A good thinking tool shouldn't just hand users answers to their questions, but also guide and enable them to discover and articulate more complex questions.
Asking more complex questions, and discovering answers to them, which lead to even more nuanced questions. Without one, the potential of the other in this pair becomes limited.
A related thought: While building tools to solve hard problems for humans, we should strive to also improve people's depth of engagement with those complex problems and their solutions, as a way to preserve human agency when working with increasingly capable aids for our work. Otherwise, we risk losing touch with, and therefore understanding over, critical decisions.

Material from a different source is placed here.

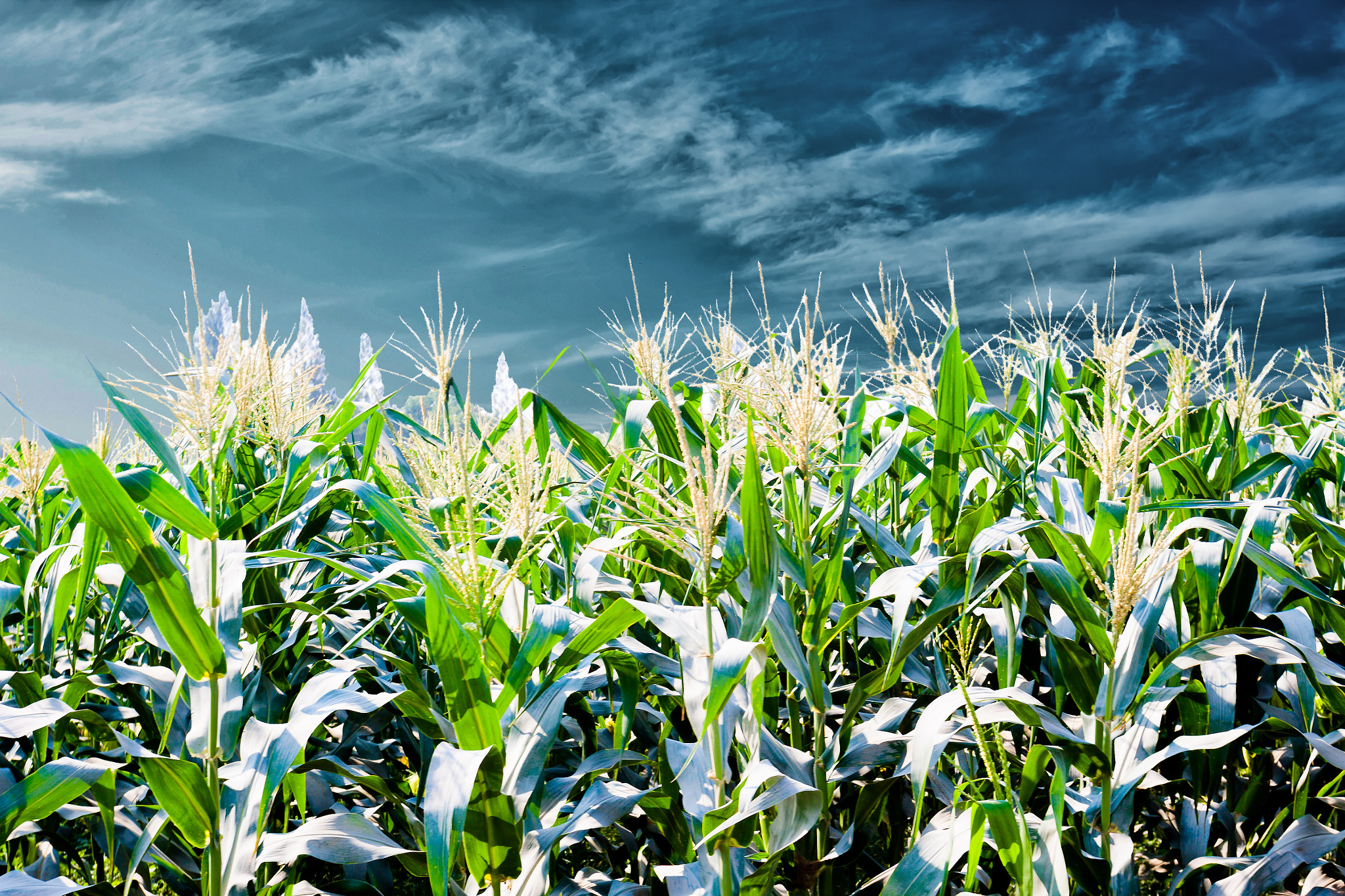 Canon EOS 50D + Canon EF 17-40mm F4L USM sample photo. Agricultural background life of natural corn farm photography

Scale xor Explore, a hypothesis.
In innovation ecosystems, for efficient resource allocation all resource in an organization must go towards only one of two spends:
- Scale: Taking some working formula for solving a problem or producing something valuable, where there is "sign of life" and a way to scale production, and single-mindedly scaling it;
- Explore: Open-ended exploration to discover new signs of life of new regimes or transformative technologies.
These feel like two distinct modes of operating a single group of people. An organization is either doing (1) or (2), and any attempt to straddle them by doing something in-between will not do what you wish it would.
So, how to blend the benefits of both?
In larger organizations, while each team must be in one mode or another, the organization as a whole can have a portfolio of bets that combine both approaches at a sub-team level to trade off risk tolerance against upside. Some teams can be working on efforts of category (1), while others can be in category (2) mode.
Too many people talk about how to recreate Bell Labs and Xerox PARC; not enough talk about how to recreate OpenAI c. 2015-2019.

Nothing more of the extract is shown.